En effet, le Gaec fait partie des 25 exploitations ardennaises retenues par la coopérative Laitnaa pour approvisionner sa filière Bleu-Blanc-Cœur non OGM, prévoyant un bonus de 15 à 30 €/1 000 litres. Une filière soumise à l’évaluation de certains critères d’expression du bien-être animal : « À part la complémentation avec du lin, nous n’avons rien changer à nos pratiques car tout était déjà dans les clous. » La plus-value serait-elle de nature à favoriser l’installation de Germain (24 ans), son fils ? « Dans ce contexte, l’intérêt économique incite à s’installer en développant l’élevage laitier, car il n’y a pas de débouchés pour la qualité en allaitant, analyse le jeune salarié. Mais je dois aussi rester mesuré sur les investissements et garder à l’esprit qu’au départ à la retraite de mes parents, je devrai gérer seul le troupeau. Je ne souhaite pas m’installer pour rembourser des bâtiments. »

jérôme pezon

© J.-C.G. - Prairie. Au cœur d’une région bocagère, le Gaec peut compter sur 125 ha de prairies naturelles pour assurer l’autonomie fourragère des troupeaux laitier et allaitant.J.-C.G.

© J.-C.G. - Confort.Dans la stabulation, le couchage est divisé en deux parties, chacune libre d’accès : d’un côté, 20 logettes avec tapis et paillage quotidien, de l’autre, une aire paillée. « Ce sont les vaches qui choisissent, indique Valérie. Certaines vont spontanément vers les logettes. » Les aires d’exercice et d’attente sont intégralement recouvertes de tapis. J.-C.G.

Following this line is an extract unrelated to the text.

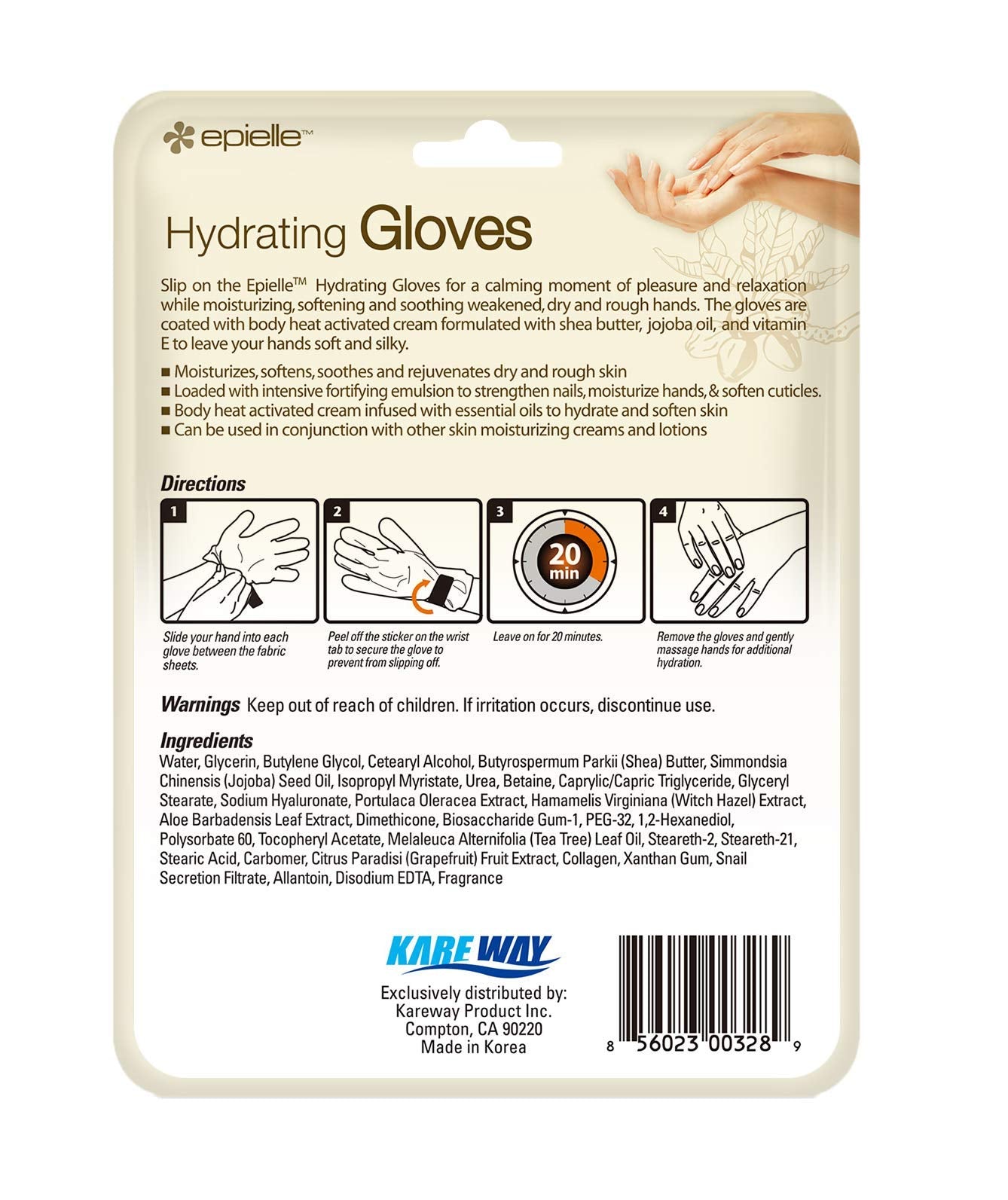Epielle Hydrating Hand Mask gift-ready packaging ideal for stocking stuffers.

© J.-C.G. - Alimentation. La ration complète est distribuée deux fois par jour à la désileuse et la complémentation manuellement. Calée à 31 litres, elle comprend 40 à 45 kg bruts de maïs, 2 kg de pulpe sèche, 2 kg de céréales, 4,5 kg de correcteur et 4 kg de foin. Les vaches commencent toujours par un premier repas de foin distribué avant la traite. Un foin précoce, de qualité, réalisé mi-mai. Après le creux de l’été, les repousses d’automne sont enrubannées. J.-C.G.

© J.-C.G. - Matériel. L’essentiel du matériel est en propriété. Seule l’enrubanneuse est en copropriété avec trois éleveurs voisins de la commune, où l’entraide et les prêts de matériel fonctionnent à plein, sans passer par la Cuma. J.-C.G.

© J.-C.G. - Limousins. Élevés à l’herbe et commercialisés entre 28 mois et 36 mois, les bœufs et génisses allaitants sont finis à l’étable avec des céréales autoproduites, du maïs et du correcteur. L’absence de filière de qualité et les difficultés récentes à écouler les animaux font douter fortement les éleveurs, ici Xavier, de la pérennité de cet atelier. J.-C.G.

© J.-C.G. - Renouvellement. Les veaux sont élevés en cases collectives de 10 à 12 individus, au lait entier jusqu’à 12 semaines (la moitié des mâles sont conservés pour la production de bœufs). Les vêlages groupés d’août à décembre autorisent une mise à l’herbe dès la première année. Puis, à la rentrée à l’étable, la ration des génisses comprend 10 kg de maïs + 500 g de correcteur et du foin, en vue d’une mise à la reproduction entre 12 et 14 mois.

© J.-C.G. - Comportement.Dans le cadre de l’audit sur le bien-être, le comportement des animaux et la relation humain-animal sont abordés : on observe, par exemple, leur réaction face à un objet inconnu placé dans leur environnement, ou la distance de fuite à l’approche d’une personne étrangère. « Les vaches de Valérie ne sont pas peureuses. Elles sont au contraire très curieuses et expriment beaucoup d’interactions positives avec les éleveurs », assure Léna Joannes, responsable de l’audit.J.-C.G.